Rapimnas atau Rapat Pimpinan Nasional merupakan agenda rutin dua tahunan yang dilakukan dalam satu periode kepemimpinan pusat Himpunan Mahasiswa Buddhis Indonesia (HIKMAHBUDHI). Rapimnas diikuti oleh ketua umum dan sekjen serta seluruh cabang Hikmahbudhi. Rapimnas biasanya dilakukan sebelum menuju kongres atau pergantian kepemimpinan pada kepengurusan pusat Hikmahbudhi.

Dengan mengusung tema “Konsolidasi Nasional Meneguhkan Ideologi Hikmahbudhi”, Rapimnas XI Hikmahbudhi kali ini digelar pada tanggal 10-12 September 2016 berlokasi di Camp David Resort, Puncak, Bogor. Agenda nasional Hikmahbudhi ini diikuti oleh 26 orang dari seluruh cabang Hikmahbudhi.

Dalam waktu yang singkat, para mahasiswa Buddhis ini berkonsolidasi dan berdiskusi, saling jajak pendapat dan bertukar pikiran. Banyak hal yang dibahas dalam Rapimnas kali ini mulai dari masalah nasional sampai masalah internal komunitas. Mungkin kegiatan seperti ini jarang ditemui pada kalangan pemuda Buddhis.
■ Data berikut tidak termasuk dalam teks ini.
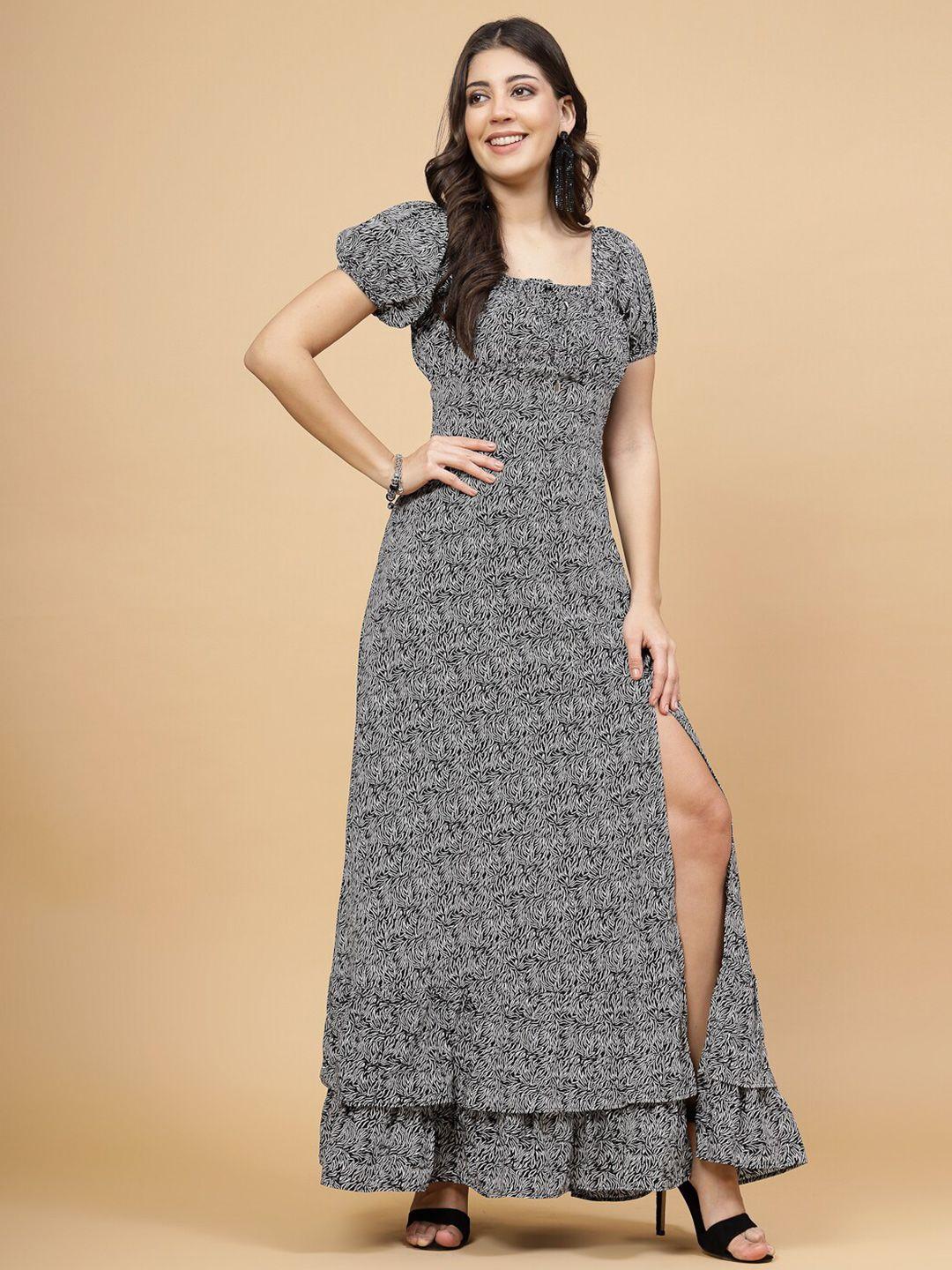 raassio print crepe maxi dress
Ada tiga tema besar yang diangkat dan dibagi ke dalam tiga komisi, antara lain membahas ulang AD/ART Hikmahbudhi, kaderisasi, dan evaluasi terhadap komunitas Buddhis. Evaluasi dan rekomendasi menjadi pembahasan yang paling panjang, karena secara keseluruhan posisi komunitas Buddhis masih sangat lemah dan masih banyak PR di sana-sini yang harus dikerjakan. Banyak kritik yang harus menjadi refleksi untuk komunitas Buddhis di Indonesia.

Contohnya dalam dua organisasi Buddhis terbesar semakin hari semakin mengalami kemunduran. Macetnya regenerasi dan stagnan dalam kinerja harus segera diselesaikan untuk membangun kembali pondasi yang kokoh. Jika tidak segera diselesaikan akan membuat macetnya pertumbuhan komunitas Buddhis di kancah nasional.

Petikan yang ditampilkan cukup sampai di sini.